The actual making of a crêpe requires a little practice but once you master it, the skill never leaves you. Expect to lose the first two, as well as the last one -- it happens to everyone. A perfect crêpe requires the right consistency of batter, the right oil, the right temperature, and the right skillet. This is what I've learned over the years: the batter needs to be slightly thicker than cream; annoyingly, nonstick skillets are best but if you have a dedicated crêpe pan, use that; the temperature should be just below medium, somewhere in the medium-low area, but you'll have to make adjustments as you work (I have a gas burner and I find myself drifting from low to medium and back as the crêpes cook); and I get the best results with avocado oil but any other flavorless oil will work. I won't lie, it's a little fussy, but once you get into a good groove, you can pretty much flip a whole bunch of crêpes in about ten minutes.
And, by the way, the secret for flavorful crêpes? I probably stole this from my mom but add a pinch of citrus zest to the batter. It makes a real difference.

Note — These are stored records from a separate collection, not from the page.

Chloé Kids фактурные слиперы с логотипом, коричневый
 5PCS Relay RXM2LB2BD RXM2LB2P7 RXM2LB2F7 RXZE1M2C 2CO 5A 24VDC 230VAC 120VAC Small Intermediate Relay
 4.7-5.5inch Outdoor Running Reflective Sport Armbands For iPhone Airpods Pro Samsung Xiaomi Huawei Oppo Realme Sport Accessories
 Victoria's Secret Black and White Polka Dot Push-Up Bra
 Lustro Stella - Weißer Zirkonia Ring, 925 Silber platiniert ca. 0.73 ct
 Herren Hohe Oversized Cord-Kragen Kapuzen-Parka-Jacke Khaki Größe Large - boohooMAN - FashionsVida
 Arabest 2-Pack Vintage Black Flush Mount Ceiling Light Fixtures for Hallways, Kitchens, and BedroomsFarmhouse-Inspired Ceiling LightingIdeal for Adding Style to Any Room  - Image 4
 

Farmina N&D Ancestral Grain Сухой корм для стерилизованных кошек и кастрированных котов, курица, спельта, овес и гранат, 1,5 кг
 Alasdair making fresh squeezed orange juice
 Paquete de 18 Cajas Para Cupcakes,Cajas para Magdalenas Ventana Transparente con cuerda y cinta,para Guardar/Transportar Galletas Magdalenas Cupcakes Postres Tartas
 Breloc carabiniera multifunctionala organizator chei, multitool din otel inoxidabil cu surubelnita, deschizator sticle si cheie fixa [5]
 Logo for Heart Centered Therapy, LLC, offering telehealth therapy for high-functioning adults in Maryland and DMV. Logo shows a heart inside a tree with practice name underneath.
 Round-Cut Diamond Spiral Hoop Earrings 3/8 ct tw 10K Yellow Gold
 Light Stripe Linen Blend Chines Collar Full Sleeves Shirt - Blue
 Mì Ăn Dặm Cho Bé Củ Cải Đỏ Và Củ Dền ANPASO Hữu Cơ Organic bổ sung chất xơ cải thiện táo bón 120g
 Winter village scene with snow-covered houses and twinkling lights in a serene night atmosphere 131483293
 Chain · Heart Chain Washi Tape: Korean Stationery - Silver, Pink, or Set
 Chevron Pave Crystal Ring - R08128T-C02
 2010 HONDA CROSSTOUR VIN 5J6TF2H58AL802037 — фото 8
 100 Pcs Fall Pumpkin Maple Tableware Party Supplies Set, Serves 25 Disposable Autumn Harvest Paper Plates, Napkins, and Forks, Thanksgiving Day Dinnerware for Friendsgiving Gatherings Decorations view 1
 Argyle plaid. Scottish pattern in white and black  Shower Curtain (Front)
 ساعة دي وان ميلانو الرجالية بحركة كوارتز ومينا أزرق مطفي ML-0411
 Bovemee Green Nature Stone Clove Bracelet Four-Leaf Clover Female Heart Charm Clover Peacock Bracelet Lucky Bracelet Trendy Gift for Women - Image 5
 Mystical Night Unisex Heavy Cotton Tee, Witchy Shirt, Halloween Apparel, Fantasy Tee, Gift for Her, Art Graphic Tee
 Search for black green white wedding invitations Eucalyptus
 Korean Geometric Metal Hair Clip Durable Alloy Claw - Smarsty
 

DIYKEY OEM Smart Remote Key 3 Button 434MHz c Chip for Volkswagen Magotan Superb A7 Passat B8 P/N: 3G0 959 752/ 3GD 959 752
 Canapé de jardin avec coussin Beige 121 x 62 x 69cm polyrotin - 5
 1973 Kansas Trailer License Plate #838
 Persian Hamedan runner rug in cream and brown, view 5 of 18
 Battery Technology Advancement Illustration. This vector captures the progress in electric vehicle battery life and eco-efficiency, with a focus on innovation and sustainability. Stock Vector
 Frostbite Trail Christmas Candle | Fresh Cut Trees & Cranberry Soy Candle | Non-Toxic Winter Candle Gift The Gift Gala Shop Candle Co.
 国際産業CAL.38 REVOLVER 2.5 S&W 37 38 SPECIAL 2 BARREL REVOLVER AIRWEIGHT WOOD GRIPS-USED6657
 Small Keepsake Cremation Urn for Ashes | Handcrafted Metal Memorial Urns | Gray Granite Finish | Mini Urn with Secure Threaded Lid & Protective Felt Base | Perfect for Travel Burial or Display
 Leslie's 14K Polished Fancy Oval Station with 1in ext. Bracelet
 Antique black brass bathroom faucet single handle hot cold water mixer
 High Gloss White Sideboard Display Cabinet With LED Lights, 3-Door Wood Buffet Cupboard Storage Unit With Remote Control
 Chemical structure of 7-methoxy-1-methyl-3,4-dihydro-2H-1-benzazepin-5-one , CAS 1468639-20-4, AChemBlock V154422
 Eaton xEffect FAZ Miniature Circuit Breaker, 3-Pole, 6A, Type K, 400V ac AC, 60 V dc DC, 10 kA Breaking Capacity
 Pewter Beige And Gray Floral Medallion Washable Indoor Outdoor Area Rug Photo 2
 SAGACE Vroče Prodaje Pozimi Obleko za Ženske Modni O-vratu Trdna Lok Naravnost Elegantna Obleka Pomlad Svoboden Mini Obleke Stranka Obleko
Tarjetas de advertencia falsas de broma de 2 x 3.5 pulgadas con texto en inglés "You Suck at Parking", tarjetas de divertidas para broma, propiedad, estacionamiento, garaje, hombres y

Buckwheat Crêpes w/Berries (gf)
Makes approx. 10 crêpes
1 cup buckwheat flour
1 cup almond milk (or other nondairy milk), plus extra
1/2 cup water
2 tablespoons sugar, any variety
3 tablespoons avocado oil (or other flavorless oil), plus extra for cooking
1/4 tsp vanilla extract
zest of 1/2 orange
toppings/fillings: fruit jam, fresh berries, powdered sugar
Whisk the milk, eggs, water, sugar, and vanilla extract together in a medium-sized bowl. Add the buckwheat flour and whisk until no clumps remain. Whisk in avocado oil, a pinch of sea salt, and orange zest.
Cover with plastic wrap and allow the batter to rest in the fridge for at least an hour but preferably overnight.
When ready to cook, stir the batter again and add more almond milk to thin the batter to the consistency of heavy cream. You will need to thin it out again as you're cooking the crêpes. In general, I end up adding another cup of milk as I'm cooking.
Heat a nonstick skillet or crêpe pan over medium heat. Add a few drops of avocado oil to lightly coat the bottom (go easy on the oil).
With a soup ladle, ladle in about 1/4 to 1/3 cup of batter (depending on the size of your skillet). The trick is to move the skillet off the heat, ladle the batter into the center of the pan, and then gently tilt the pan in the air, allowing the batter to swirl and coat the bottom evenly in a thin coating.
Cook on the first side for about 30 seconds to a minute or until small bubbles appear and a lacy edge forms around the edge of the crêpe. With a heat-proof spatula, gently pry the edges loose and flip the crêpes over with your fingers. (Don't worry -- it's not that hot. If you're concerned, a fish spatula works well.).
Cook on the second side for about 20 seconds or so. Slide onto a plate and cover with foil while you cook the remaining crêpes. Maintain the temperature at medium-low and add a few drops of oil in between each crêpe.
To serve, spread with jam (or Nutella!), roll up into a spiral, and top with powdered sugar and fresh berries.
Make ahead: The crêpes can be prepared 3 days ahead. Store covered in the fridge. To reheat, warm up in a dry skillet over medium heat for a few seconds on each side.
Note: For savory crêpes, omit vanilla and sugar. To make the recipe with regular all-purpose flour, proceed as above but reduce the milk to 3/4 cup. Feel free to substitute cow's milk or other non-dairy milks for the almond milk (full-fat coconut milk is not recommended, though). Don't forget to cover the cooked crêpes so that they don't dry out as they cool. Buckwheat flour should be stored in the freezer.